Siempre zombi, nunca renacida, por Patricia del Río
Siempre zombi, nunca renacida, por Patricia del Río
Patricia del Río

Cuando César Acuña lanzó su candidatura, cierto sector de la población arrugó la nariz con cara de ¿y este qué se cree? Lo tildaban de informal, de haber construido su futuro político sobre la base de su negocio de universidades, lo acusaban de clientelista, y de representar cierto Perú chicha y advenedizo. Hay que reconocer que, en un inicio, las críticas giraban más en torno de prejuicios que de cuestiones objetivas. Al poco tiempo, sin embargo, lo que parecía simple miedo al candidato que venía de abajo empezó a arroparse de denuncias serias: seducción y embarazo de una menor de edad, compra de votos y la lluvia de plagios y más plagios.

No habían pasado ni dos semanas desde su subidón en las encuestas y el beneficio de la duda ya no era aplicable para el candidato de Alianza para el Progreso. Las certezas se imponían a las dudas, y las pruebas dejaban en posición adelantada, uno a uno, a todos los que de manera oportunista, o convencidos del proyecto Acuña, se habían acercado a su candidatura (o a sus negocios, que es lo mismo pero no es igual). Algunos se alejaron rápido, otros desaparecieron de la foto (a Fernando Andrade, Marisol Espinoza y Humberto Lay dejó de vérseles en mítines y medios), y hasta el asesor que se creía todo lo podía (Luis Favre) se dio por vencido y salió despavorido en busca de un candidato menos “tramposo”, digamos.

Quien no se movió del lado del Chato fue la otrora defensora de la democracia Anel Townsend, una de las políticas más respetadas del país a quien de pronto ya no le importó pasearse por radios, canales, calles y plazas, recibiendo pullas, huevos, cebollas y preguntas imposibles de contestar. La Anel de Acuña se convirtió en un zombi político, en un cadáver caminante al que daba miedo acercarse por temor a que su inconsecuencia fuera contagiosa. Las hipótesis sobre por qué Anel Townsend se destruía a sí misma eran aún peores: unos decían que era por dinero, otros señalaban que estaba esperanzada en que una vez elegido Acuña lo vacaran por incapacidad moral, y así ella se convertiría en la primera presidenta del Perú. Argumentos casi tan difíciles de creer, como de entender su comportamiento. 

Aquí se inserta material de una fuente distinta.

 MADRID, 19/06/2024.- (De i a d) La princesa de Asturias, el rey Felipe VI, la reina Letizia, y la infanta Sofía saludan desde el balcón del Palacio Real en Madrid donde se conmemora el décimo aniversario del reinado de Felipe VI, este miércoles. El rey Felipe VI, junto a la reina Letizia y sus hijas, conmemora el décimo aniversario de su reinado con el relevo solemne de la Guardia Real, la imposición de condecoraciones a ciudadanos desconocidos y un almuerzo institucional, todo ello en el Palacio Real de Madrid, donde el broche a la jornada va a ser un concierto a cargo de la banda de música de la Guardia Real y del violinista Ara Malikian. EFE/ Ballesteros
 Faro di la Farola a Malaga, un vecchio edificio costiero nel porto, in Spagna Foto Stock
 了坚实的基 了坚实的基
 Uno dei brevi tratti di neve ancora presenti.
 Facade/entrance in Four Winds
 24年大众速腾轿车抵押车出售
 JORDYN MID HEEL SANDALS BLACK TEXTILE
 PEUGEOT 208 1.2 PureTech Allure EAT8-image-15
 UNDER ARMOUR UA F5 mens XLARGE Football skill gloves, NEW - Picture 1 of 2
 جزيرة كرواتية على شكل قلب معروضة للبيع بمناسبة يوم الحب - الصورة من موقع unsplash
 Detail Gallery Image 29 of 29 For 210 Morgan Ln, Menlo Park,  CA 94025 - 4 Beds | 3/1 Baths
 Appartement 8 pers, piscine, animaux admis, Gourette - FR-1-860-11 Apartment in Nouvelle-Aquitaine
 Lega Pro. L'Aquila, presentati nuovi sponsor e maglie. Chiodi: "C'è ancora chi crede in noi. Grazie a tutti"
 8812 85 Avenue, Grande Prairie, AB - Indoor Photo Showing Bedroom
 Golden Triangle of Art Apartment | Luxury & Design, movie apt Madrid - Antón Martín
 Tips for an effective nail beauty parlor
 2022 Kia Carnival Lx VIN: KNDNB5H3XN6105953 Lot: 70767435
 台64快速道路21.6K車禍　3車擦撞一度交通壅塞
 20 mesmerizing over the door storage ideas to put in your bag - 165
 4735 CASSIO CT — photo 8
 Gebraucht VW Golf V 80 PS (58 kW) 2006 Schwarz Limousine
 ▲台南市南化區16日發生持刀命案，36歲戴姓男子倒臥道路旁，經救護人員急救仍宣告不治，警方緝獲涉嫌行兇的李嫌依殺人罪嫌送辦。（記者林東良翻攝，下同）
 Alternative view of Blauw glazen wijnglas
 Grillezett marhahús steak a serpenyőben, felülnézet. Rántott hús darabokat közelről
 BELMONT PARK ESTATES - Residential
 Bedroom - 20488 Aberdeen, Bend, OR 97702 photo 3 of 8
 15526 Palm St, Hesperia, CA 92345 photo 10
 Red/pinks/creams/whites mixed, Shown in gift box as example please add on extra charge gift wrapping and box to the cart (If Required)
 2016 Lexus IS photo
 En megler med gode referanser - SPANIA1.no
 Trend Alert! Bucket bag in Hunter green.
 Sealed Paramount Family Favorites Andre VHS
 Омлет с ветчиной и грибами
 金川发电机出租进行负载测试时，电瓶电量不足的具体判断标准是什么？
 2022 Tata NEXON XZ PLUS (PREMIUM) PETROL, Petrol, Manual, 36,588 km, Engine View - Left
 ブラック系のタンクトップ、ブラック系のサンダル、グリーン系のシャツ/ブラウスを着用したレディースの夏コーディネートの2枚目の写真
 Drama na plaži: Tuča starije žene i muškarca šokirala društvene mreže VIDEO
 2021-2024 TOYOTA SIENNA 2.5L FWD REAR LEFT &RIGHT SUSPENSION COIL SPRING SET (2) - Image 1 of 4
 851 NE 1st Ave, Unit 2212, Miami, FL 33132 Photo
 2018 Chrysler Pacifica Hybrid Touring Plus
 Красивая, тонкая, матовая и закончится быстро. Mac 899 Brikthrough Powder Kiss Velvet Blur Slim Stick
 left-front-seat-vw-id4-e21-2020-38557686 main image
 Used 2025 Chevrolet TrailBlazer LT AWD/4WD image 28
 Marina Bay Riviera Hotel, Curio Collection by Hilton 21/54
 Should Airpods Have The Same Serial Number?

Hace unas semanas, sin embargo, a Anel Townsend se le presentó la posibilidad de enmendar tantos errores y horrores. Ante la renuncia del candidato a la vicepresidencia Humberto Lay, la candidatura de Acuña no solo quedó debilitada sino herida de muerte. Si Anel se le hubiera sumado en la partida, la sostenibilidad de un candidato sin plancha se hubiera hecho imposible o muy difícil. Hubiera quedado en claro que estaba solo y el Jurado Nacional de Elecciones hubiera podido declarar la candidatura de Acuña inviable. Pero eso no ocurrió. Anel dejó su candidatura del Congreso y decidió conservar la de la vicepresidencia para que fuera el pueblo el que elija lo que ella es incapaz de decidir.

Hubiera sido mucho más interesante que, como un gesto de decencia, Anel Townsend forzara con su renuncia la caída de la candidatura de Acuña. Pero se chupó. O aceptó un trato. O equivocó una vez más su concepto de democracia. Y a diferencia de Leo DiCaprio, se dejó devorar por el oso y dejó pasar su última oportunidad de ser una renacida de la política para seguir siendo una zombi.